I have a buddy, who has spent a good amount of $ and time setting up a GPU cluster. It was a no- trivial effort to bring the beast up online. After that, I was asked to get TensorFlow to work with it.
I immediately started my work. During the process, I was surprised to find multiple roadblocks, and spent lots of time searching for solutions. Until recently, I was finally able to put everything together. I am hereby sharing my experience, and hopefully it can help you.
Here is my procedure:
- OS: Ubuntu 16.04 (codename: xenial)
- Nvidia GeForce GTX 1080 Ti
- Target CUDA versions:
CUDA: 9.1.85, Driver Version: 390.30
I can control CUDA driver version when I install the graphic cards. The default is CUDA 9.1. The first confusion I found was there were many different opinions on whether TensorFlow would work with CUDA 8 only, 9.0 only or even with 9.1, the latest version. After a few trials, I realized that 9.1 was totally fine.
Install Nvidia CUDA Toolkit:
- Nvidia’s installation guide is good enough. I focused on the following sections
- Pre-installation Actions
- CUDA toolkit is available at: https://developer.nvidia.com/cuda-downloads. Based on my platform, this was my choice
- After I downloaded the base installer, I followed the “Installation Instruction” on the same page. Note that I was using
sudo apt-get install cuda-9.1to enforce my version. It turned out to be a good practice, especially when I had multiple CUDA versions on my platform.
- The installation might take quite a few minutes. When it was completed, I updated my ~/.bash_profile with:
Install cuDNN 7.0.5
- cuDNN is part of Nvidia’s Deep Learning SDK. So I needed it.
- The installation page is at https://developer.nvidia.com/cudnn. I needed to register as a user, so will you.

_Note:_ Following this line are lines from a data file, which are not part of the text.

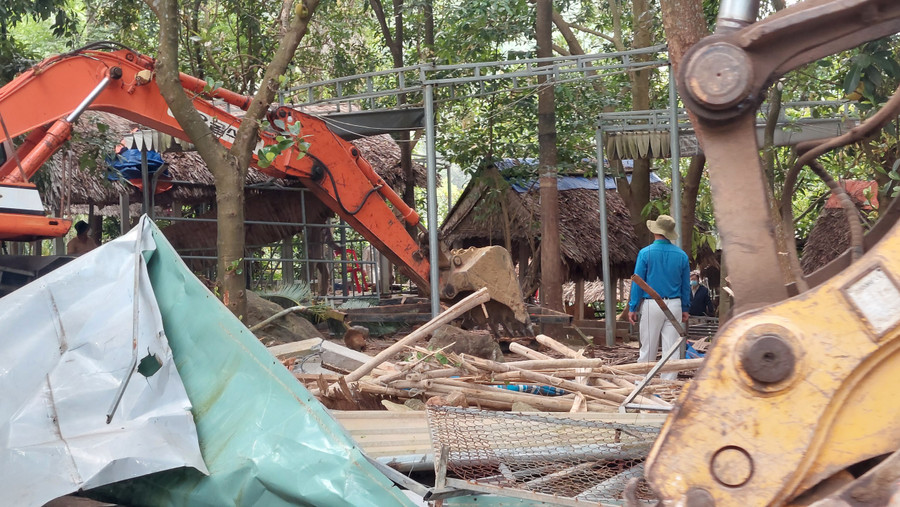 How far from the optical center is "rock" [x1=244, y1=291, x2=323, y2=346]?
34.1 feet

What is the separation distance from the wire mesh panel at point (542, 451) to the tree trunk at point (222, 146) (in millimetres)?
3124

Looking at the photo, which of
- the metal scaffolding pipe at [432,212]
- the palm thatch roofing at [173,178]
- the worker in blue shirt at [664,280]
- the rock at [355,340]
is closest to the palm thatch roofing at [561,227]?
the palm thatch roofing at [173,178]

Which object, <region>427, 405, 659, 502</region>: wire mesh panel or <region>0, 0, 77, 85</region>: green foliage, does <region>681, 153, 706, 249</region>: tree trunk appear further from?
<region>427, 405, 659, 502</region>: wire mesh panel

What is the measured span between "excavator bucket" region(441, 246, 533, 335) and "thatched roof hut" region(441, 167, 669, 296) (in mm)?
6518

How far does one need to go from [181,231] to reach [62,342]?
1103 cm

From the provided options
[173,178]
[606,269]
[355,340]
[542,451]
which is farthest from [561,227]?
[542,451]

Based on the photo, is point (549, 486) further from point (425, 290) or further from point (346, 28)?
point (346, 28)

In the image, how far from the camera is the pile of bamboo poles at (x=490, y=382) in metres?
5.96

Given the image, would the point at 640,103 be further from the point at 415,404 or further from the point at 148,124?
the point at 415,404

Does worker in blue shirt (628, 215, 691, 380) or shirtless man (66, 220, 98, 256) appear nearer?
worker in blue shirt (628, 215, 691, 380)

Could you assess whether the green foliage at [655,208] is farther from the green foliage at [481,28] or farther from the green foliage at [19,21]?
the green foliage at [19,21]

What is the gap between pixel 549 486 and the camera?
13.2ft

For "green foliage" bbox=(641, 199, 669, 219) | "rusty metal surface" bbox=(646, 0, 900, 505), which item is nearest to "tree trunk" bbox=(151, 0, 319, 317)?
"rusty metal surface" bbox=(646, 0, 900, 505)

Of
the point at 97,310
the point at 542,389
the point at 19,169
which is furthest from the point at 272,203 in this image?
the point at 97,310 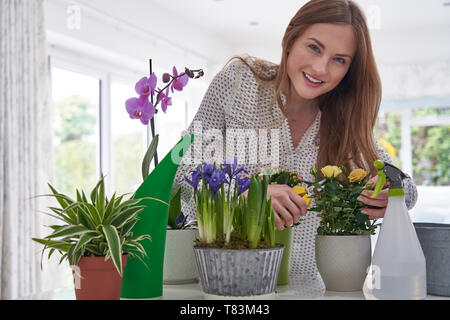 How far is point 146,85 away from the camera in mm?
818

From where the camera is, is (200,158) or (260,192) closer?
(260,192)

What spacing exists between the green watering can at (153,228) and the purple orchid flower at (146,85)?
130 millimetres

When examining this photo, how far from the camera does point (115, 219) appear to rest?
0.70m

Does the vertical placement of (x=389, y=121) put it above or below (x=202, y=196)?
above

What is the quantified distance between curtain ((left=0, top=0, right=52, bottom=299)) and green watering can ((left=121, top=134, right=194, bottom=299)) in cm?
278

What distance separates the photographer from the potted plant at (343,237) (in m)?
0.79

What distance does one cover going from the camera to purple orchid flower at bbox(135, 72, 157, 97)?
81cm

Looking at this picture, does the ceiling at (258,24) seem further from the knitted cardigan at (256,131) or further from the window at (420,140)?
the knitted cardigan at (256,131)

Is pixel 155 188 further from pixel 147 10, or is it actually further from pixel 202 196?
pixel 147 10

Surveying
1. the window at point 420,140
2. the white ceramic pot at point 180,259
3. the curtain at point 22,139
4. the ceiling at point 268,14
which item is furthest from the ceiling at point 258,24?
the white ceramic pot at point 180,259

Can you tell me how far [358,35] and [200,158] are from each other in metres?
0.44

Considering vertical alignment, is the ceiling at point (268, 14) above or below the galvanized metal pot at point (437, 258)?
above

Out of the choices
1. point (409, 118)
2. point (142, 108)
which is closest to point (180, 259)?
point (142, 108)

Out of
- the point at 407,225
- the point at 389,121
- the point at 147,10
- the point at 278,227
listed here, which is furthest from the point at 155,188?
the point at 389,121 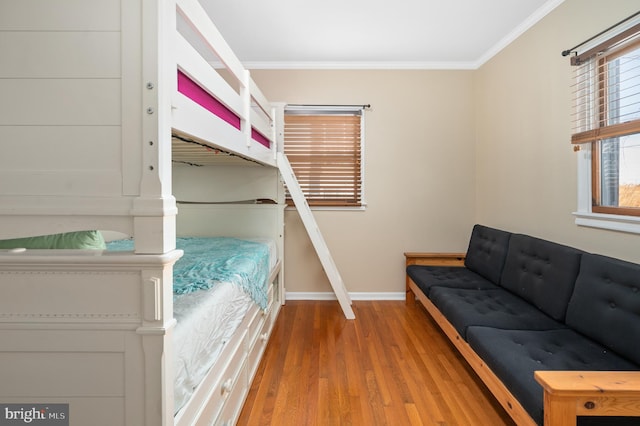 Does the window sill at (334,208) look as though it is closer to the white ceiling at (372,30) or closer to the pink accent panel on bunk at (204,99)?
the white ceiling at (372,30)

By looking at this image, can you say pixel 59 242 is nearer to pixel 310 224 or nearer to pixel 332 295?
pixel 310 224

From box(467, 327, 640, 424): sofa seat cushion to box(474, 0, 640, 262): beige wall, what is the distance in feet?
2.03

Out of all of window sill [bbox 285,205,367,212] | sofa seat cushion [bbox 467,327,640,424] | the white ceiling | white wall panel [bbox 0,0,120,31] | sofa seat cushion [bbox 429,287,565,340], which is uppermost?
the white ceiling

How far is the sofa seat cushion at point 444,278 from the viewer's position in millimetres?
2498

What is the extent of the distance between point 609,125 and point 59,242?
275 centimetres

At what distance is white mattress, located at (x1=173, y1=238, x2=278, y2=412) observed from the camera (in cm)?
98

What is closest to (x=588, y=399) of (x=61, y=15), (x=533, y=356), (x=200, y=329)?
(x=533, y=356)

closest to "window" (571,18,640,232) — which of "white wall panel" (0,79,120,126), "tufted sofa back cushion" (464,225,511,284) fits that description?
"tufted sofa back cushion" (464,225,511,284)

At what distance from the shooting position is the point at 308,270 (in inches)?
130

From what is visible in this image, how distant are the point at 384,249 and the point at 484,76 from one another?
81.0 inches

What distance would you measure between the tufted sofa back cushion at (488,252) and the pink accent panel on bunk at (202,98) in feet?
7.53

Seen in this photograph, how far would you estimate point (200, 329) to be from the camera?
1.13 meters

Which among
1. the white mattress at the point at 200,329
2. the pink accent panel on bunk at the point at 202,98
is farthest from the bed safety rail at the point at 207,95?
the white mattress at the point at 200,329

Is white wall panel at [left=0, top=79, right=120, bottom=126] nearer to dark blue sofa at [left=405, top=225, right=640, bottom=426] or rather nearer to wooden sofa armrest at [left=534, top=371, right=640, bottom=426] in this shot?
wooden sofa armrest at [left=534, top=371, right=640, bottom=426] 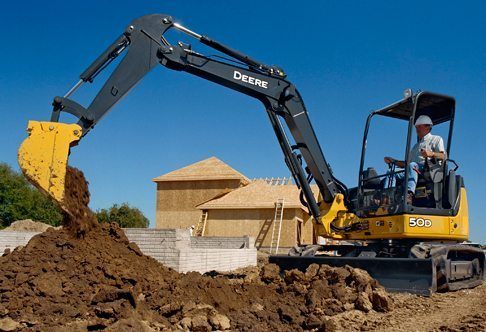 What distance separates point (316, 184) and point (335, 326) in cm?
427

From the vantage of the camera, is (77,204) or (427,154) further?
(427,154)

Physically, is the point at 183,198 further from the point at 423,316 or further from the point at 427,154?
the point at 423,316

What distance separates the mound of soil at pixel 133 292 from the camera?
18.0ft

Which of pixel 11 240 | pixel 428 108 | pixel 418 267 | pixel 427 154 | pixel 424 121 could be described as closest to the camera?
pixel 418 267

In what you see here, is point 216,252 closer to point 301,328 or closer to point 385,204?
point 385,204

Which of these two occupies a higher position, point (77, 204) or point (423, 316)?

- There are 3 libraries: Runtime library, Developer library and Code samples. Please install all of them. I had no problem following the installation instructions, so I won’t repeat here.
How to Check CUDA Versions
$ nvcc -version, and my result is like: “…release 9.1, V9.1.85”
- Alternatively, I can run
$ cat /usr/local/cuda/version.txt and get “CUDA Version 9.1.85”
$ nvidia-smi, and my result is like: “…NVIDIA-SMI 390.30, Driver Version: 390.30”
Verify Device Versions before Installing TensorFlow
- Verify that /usr/local/cuda/ is symlinked to /usr/local/cuda-9.1/
- $ cd /usr/local/cuda/samples/
- $ make clean && make
- The make process takes a few minutes. Please go get a coffee. After that, go to /usr/local/cuda/samples/bin/x86_64/linux/release/
- Run $ ./deviceQuery and my result is: “deviceQuery, CUDA Driver = CUDART, CUDA Driver Version = 9.1, CUDA Runtime Version = 9.1, NumDevs = 1, Result = PASS”
- An introduction to the complete list of CUDA C++ samples is here
Install TensorFlow 1.5 from Source
- This is a big discovery: I was not able to install TF from its pre-installed binary. As it turned out, I must install it from the source. In addition, TensorFlow 1.6 did not work for me, so I had to stick with 1.5.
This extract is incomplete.